Malcolm Turnbull now threatening to call a DD if the Senate doesn’t give him what he wants is more National abuse. Without the make-up of this current Senate and their hard work, we all would have some very nasty new laws and regulations which, it seem’s, only applies to the 90% and definitely not the top 10% “wealth creators” who hide their ill-gained wealth in Tax free havens off-shore – including our current PM! The best cartoon depicting this economic migration (I have so far seen) is at http://bit.ly/1W1O781
Now if I lived on the Central Coast, I would vote for Van Davy Independent Labour man as he ticks all my boxes and must have spent hours formulating his policy positions – up front – for all to see. And he has a good sense of humour it seems which never goes astray.
To combat the looming abuse by MSM we need thinking Independent candidates in combination with independent media like ‘The AIMN’. My favourite afternoon read.
This was a good article by James Moylan. If we all support Independent candidates and Independent media, we can thwart Turnbull and this abusive coalition Govt. I suggest we all give them a Senate of even more Independents!
Great article,so much truth.Precisely why I only read AIMN and similar sites.Start at AIMN,as much for the reasoned comments then the links.Query K Lee,is the Sunday T. real or a mock up.Much as I agree with the Headline,it does’nt gell with my memories from past reading [many years ago] of this paper.As an impoverished age pensioner,I cannot afford to pay for news papers these days,particulary the seriously Biased crap they print.So any time I can crib some extra dollars from my food budget,I donate those few dollars to sites like this and wish that I could make it more,so that I read more about what is REALLY going on.MF.
michael, it’s a mockup
It used to worry me that none of the young people I knew showed any interest in reading newspapers. Now I think it’s a good thing. The old media affected the viewpoints of people who had no other access to information. Through their bias, and also due to their costliness, I have stopped reading the conventional print media too.
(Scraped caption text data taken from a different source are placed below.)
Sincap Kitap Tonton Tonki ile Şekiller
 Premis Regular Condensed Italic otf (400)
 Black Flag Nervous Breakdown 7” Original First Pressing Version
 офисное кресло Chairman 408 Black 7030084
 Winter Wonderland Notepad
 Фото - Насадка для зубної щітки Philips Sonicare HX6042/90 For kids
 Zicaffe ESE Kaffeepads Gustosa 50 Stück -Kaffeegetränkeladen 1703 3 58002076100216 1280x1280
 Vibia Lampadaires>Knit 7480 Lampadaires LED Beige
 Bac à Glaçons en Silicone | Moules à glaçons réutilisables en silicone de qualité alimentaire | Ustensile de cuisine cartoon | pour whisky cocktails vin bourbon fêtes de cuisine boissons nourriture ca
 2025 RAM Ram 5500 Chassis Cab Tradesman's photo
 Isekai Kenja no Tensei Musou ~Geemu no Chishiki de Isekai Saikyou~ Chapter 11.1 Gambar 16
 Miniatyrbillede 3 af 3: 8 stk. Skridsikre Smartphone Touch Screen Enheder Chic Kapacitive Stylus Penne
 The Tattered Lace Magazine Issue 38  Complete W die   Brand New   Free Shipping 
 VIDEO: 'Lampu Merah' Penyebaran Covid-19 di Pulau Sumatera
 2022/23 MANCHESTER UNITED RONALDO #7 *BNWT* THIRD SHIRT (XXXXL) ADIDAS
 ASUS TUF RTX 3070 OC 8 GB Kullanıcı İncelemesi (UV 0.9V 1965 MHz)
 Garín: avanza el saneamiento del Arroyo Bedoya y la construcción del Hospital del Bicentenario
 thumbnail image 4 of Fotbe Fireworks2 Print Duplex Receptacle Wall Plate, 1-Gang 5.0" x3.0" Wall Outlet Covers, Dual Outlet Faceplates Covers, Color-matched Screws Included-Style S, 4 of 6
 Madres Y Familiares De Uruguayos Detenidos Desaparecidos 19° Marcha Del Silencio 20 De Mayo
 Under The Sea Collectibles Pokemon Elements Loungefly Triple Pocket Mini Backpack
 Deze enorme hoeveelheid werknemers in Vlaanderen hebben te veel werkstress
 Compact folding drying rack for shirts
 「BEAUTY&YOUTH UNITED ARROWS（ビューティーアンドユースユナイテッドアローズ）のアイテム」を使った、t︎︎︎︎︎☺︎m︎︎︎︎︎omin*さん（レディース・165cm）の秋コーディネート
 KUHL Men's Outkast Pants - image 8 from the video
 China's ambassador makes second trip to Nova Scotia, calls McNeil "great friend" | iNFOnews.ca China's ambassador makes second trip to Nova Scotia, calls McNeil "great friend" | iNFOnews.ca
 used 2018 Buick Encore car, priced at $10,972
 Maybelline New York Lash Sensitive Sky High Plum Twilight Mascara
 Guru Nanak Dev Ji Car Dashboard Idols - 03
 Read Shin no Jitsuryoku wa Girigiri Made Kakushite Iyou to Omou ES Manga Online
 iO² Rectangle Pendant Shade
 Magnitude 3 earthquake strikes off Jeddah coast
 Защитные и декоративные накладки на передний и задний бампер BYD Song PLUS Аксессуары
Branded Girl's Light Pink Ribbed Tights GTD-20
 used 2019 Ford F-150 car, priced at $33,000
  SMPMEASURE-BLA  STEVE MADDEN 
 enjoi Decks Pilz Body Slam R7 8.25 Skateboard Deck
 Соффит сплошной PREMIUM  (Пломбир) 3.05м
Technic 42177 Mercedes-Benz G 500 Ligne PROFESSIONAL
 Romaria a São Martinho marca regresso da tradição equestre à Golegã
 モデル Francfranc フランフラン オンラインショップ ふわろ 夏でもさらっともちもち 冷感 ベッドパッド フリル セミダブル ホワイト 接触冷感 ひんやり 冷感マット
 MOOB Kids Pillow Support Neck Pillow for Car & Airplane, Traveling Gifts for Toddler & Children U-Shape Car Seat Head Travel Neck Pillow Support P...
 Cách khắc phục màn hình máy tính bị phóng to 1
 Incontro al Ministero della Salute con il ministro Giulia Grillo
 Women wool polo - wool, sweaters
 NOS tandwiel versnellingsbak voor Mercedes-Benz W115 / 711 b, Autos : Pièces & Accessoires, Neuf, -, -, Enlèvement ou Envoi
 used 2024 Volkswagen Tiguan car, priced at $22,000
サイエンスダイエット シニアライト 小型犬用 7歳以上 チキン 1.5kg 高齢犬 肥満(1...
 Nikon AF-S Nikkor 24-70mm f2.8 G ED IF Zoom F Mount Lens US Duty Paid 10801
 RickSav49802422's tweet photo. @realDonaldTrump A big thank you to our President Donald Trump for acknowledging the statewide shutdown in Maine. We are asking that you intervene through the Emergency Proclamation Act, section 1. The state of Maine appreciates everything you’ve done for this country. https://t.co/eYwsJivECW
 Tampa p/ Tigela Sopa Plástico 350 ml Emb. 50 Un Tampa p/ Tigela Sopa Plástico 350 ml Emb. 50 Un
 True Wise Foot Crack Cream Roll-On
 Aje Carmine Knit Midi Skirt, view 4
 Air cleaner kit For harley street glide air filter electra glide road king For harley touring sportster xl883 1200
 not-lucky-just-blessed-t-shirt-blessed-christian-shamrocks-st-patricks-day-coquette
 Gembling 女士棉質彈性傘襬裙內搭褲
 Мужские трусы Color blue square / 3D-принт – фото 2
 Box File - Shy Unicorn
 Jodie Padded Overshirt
It’s unfortunate that the ABC has become biased in its approach to news as well, but again, I no longer watch or listen to their news and current affairs with any dedication.
Instead, through the internet, we all have access to the information we want, and we can share it amongst ourselves without the imposition of an editorial point of view.
By the way, it was my son who introduced me to the AimN as something I would enjoy
One small gigle I get out of this? Mark Simpkin.